In [None]:
%pip install kagglehub matplotlib nltk numpy pandas seaborn torch scikit-learn ipywidgets sentence-transformers streamlit nbformat spacy textblob

try:
    from google.colab import output
    output.enable_custom_widget_manager()

except:
    pass # Not running in Colab

try:
    !python3 -m spacy download en_core_web_sm
except:
    pass
# top should work, adding others below for compatibility with differnet environments
try:
    import sys
    !{sys.executable} -m spacy download en_core_web_sm
except:
    pass



In [None]:
import numpy as np
import pandas as pd
import matplotlib.pyplot as plt
from sklearn.manifold import TSNE
from ipywidgets import interact
import ipywidgets as widgets
import seaborn as sns

In [None]:
# Why Text Can't Be Input Directly
example_text = ["serendipity", "cascade", "ephemeral", "zenith", "labyrinth"]

# Try to perform mathematical operations directly on text
try:
    result = example_text[0] + example_text[1]
    print(f"Adding words: {example_text[0]} + {example_text[1]} = {result}")
except TypeError as e:
    print(f"Error: {e}")
    
print("""
Why this doesn't work? 

1. Text is categorical, not numerical
2. No mathematical structure
3. Models require inputs for computation
""")


# Show what happens when trying to find similarity
print("\nTrying to measure word similarity:")
print(f"Words: '{example_text[0]}' and '{example_text[1]}'")
print("Direct comparison only shows if they're exactly equal:")
print(f"Are they equal? {example_text[0] == example_text[1]}")
print("But we can't measure HOW similar they are!")

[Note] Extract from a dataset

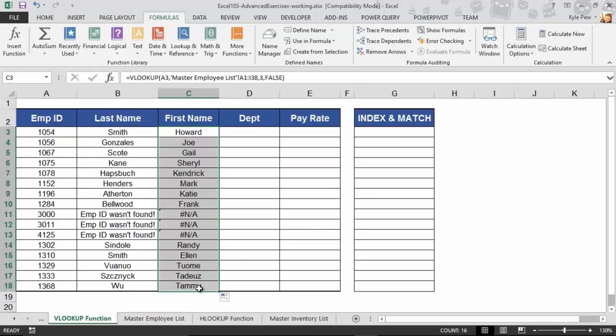Try this out. Open up the example file. Complete the first name. Jump over to Department. Do Pay Rate. Complete these lookup values based on the Master Employee List.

# Demonstrate array operations failing
print("\nTrying to use in numpy array operations:")
try:
    word_array = np.array(example_text)
    result = word_array * 2
    print(result)
except TypeError as e:
    print(f"Error: {e}")


In [None]:
# Cell 2: Naive Approach - Word to Number Mapping
word_to_num = {
    "hello": 1,
    "hi": 2,
    "hey": 3, 
    "howdy": 4,
    "greetings": 5,
    "welcome": 6,
    "tree": 7,
    "flower": 8,
    "mountain": 9,
    "river": 10,
    "ocean": 11,
    "forest": 12
}

def is_greeting(word_num):
    return word_num in [1, 2, 3, 4, 5, 6]

def is_nature(word_num):
    return word_num in [7, 8, 9, 10, 11, 12]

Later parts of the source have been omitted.